*** INFORMATION SUPPLIED ***

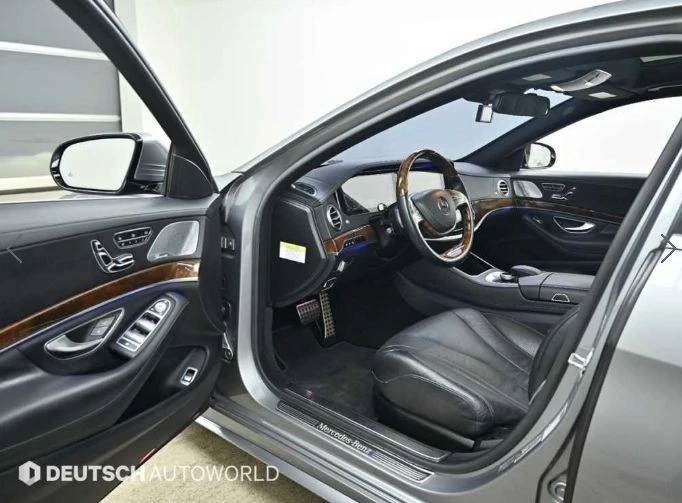 Mercedes-Benz S-Class W222, 2014 — фото 11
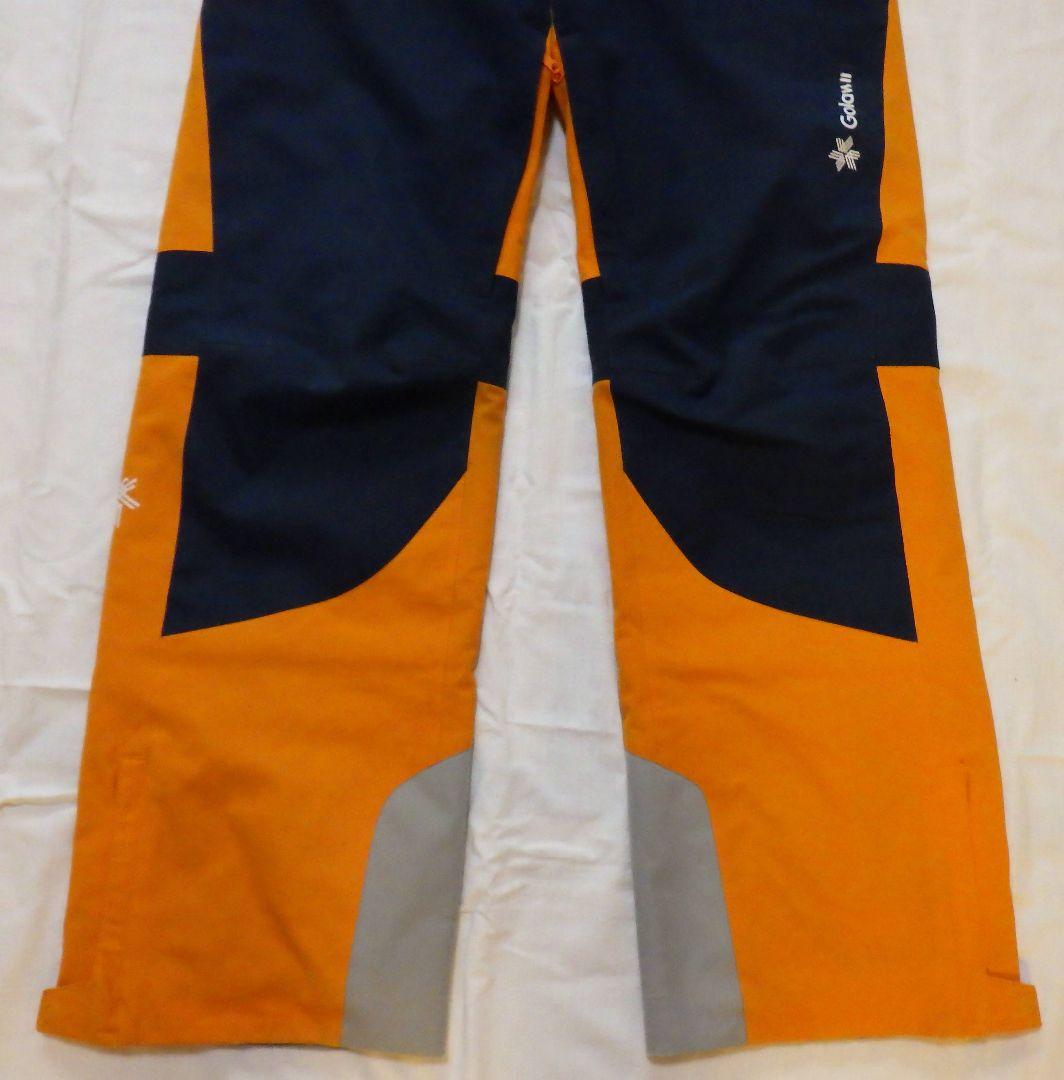 GOLDWIN スキーウェアセット 男性用 Mサイズ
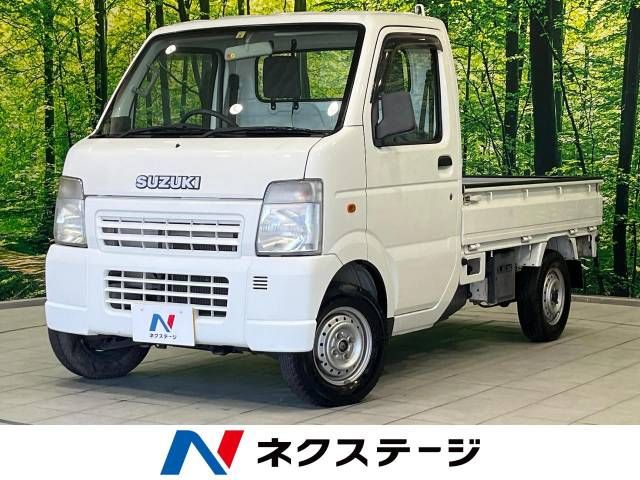 SUZUKI CARRY truck 4WD 2007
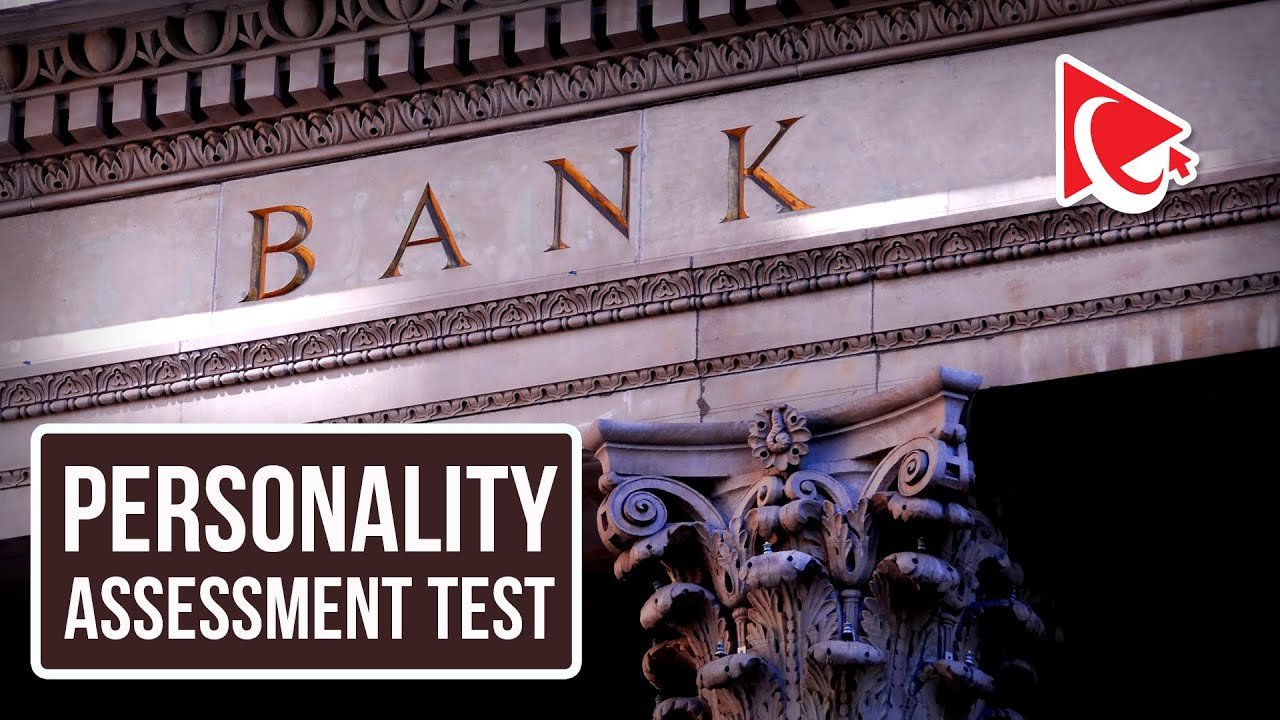 How to Pass PERSONALITY TEST FOR BANK & FINANCE JOBS  - Questions and Answers with Solutions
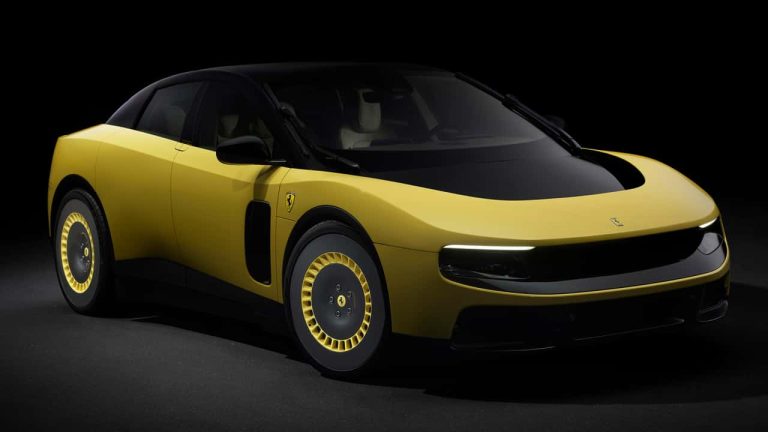 Ferrari Luce: O Elétrico que Divide Opiniões e Vende Bem na China
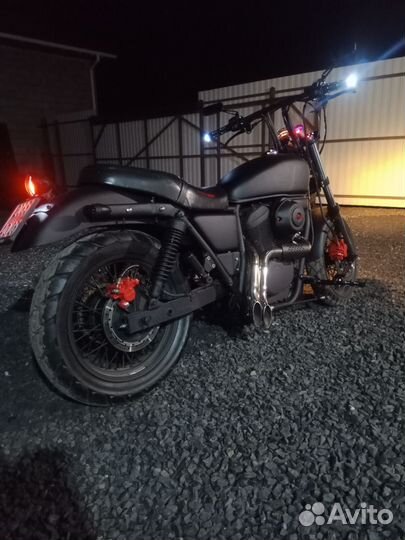 Продам мотоцикл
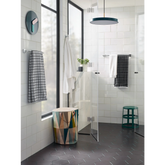Triva Chrome single robe hook
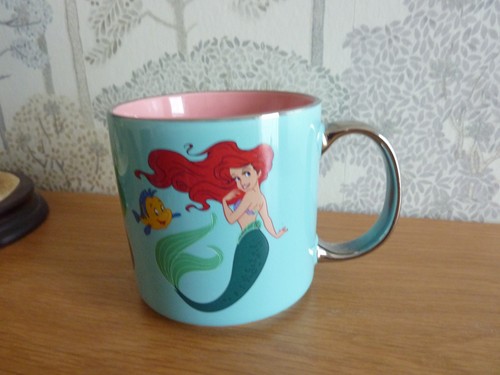 Disney princess ariel - princess, mug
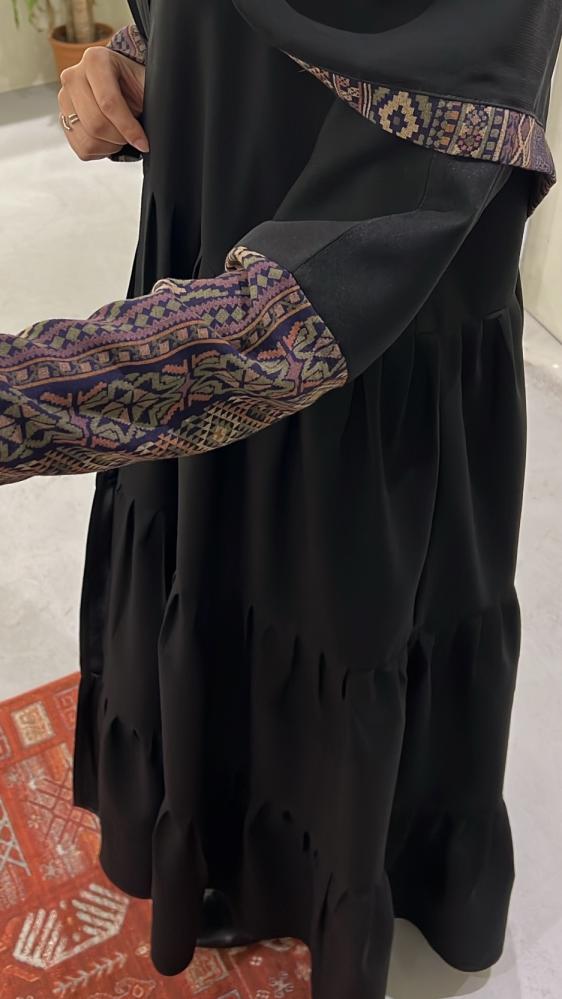 عباية لمار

*** End of INFORMATION SUPPLIED ***

DIRECTIONS FOR THIS TASK: Extract the entries in full, exactly as they are, minus the pictures.

SOLUTION TO THE EXERCISE:
 Mercedes-Benz S-Class W222, 2014 — фото 11
 GOLDWIN スキーウェアセット 男性用 Mサイズ
 SUZUKI CARRY truck 4WD 2007
 How to Pass PERSONALITY TEST FOR BANK & FINANCE JOBS  - Questions and Answers with Solutions
 Ferrari Luce: O Elétrico que Divide Opiniões e Vende Bem na China
 Продам мотоцикл
Triva Chrome single robe hook
 Disney princess ariel - princess, mug
 عباية لمار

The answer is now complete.